START Given data

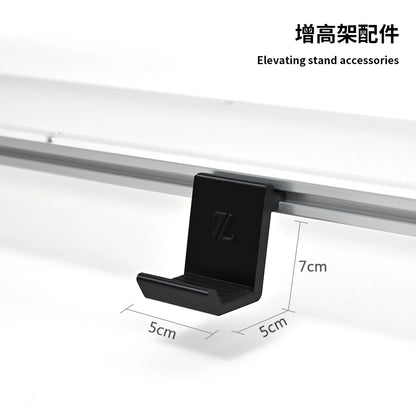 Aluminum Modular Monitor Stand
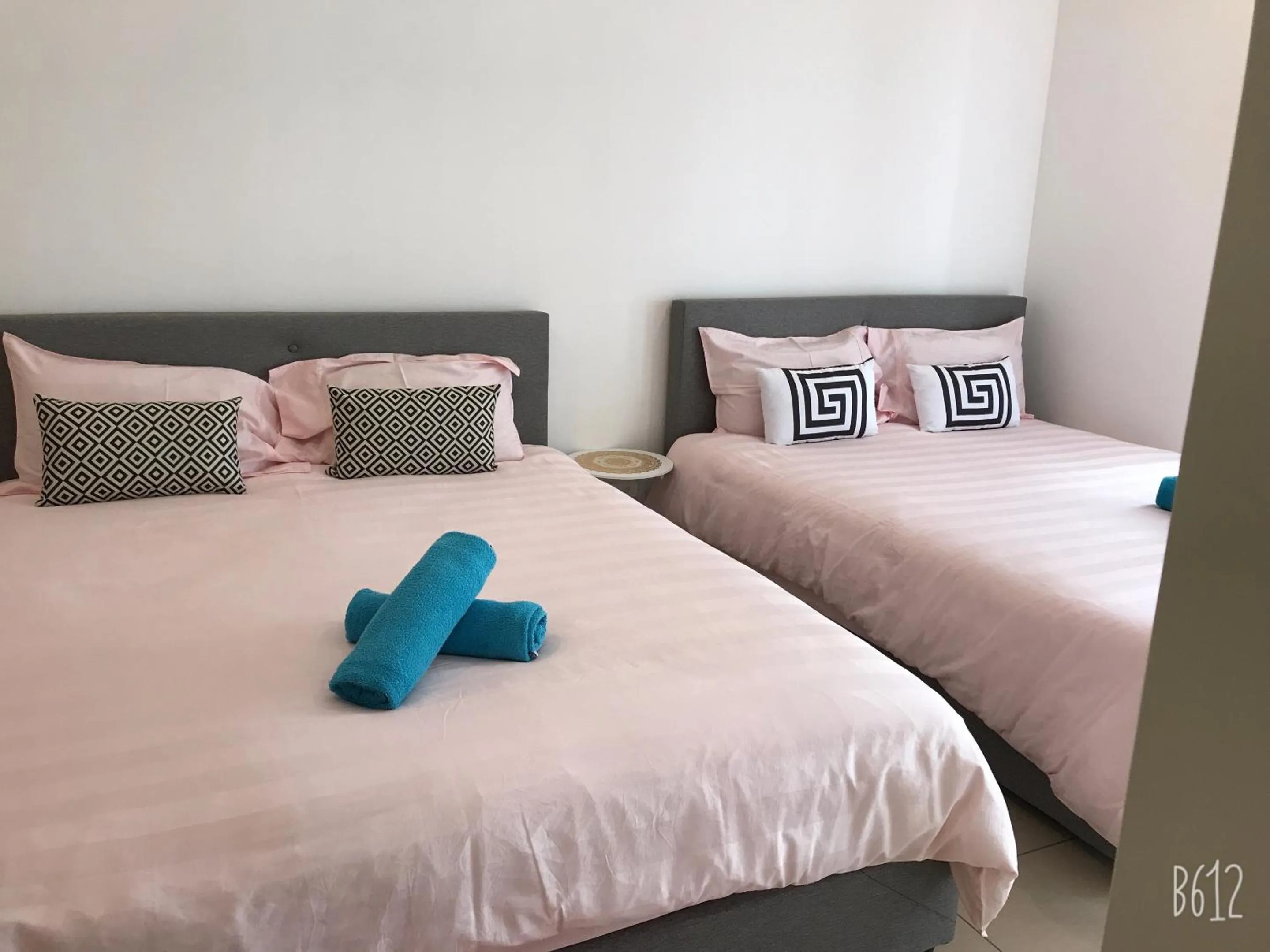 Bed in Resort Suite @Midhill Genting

END Given data
START Given data

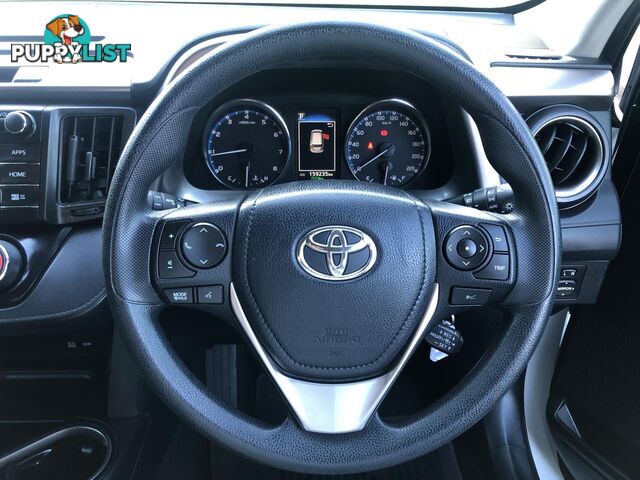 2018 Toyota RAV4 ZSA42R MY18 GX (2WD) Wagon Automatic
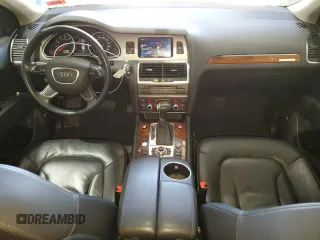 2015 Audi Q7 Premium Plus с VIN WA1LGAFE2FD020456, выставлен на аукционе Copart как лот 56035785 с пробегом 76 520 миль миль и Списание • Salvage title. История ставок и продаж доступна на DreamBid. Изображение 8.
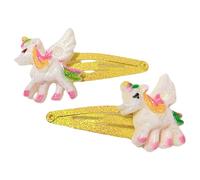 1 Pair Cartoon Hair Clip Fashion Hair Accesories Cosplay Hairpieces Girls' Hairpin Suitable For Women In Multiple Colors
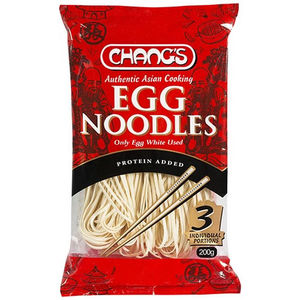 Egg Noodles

END Given data

What is expected
Within these entries, output exactly the lines starting at the one with "2015 Audi Q7" and finishing at the one with "Egg Noodles". Leave pictures out of the output.

Exercise answer
 2015 Audi Q7 Premium Plus с VIN WA1LGAFE2FD020456, выставлен на аукционе Copart как лот 56035785 с пробегом 76 520 миль миль и Списание • Salvage title. История ставок и продаж доступна на DreamBid. Изображение 8.
 1 Pair Cartoon Hair Clip Fashion Hair Accesories Cosplay Hairpieces Girls' Hairpin Suitable For Women In Multiple Colors
 Egg Noodles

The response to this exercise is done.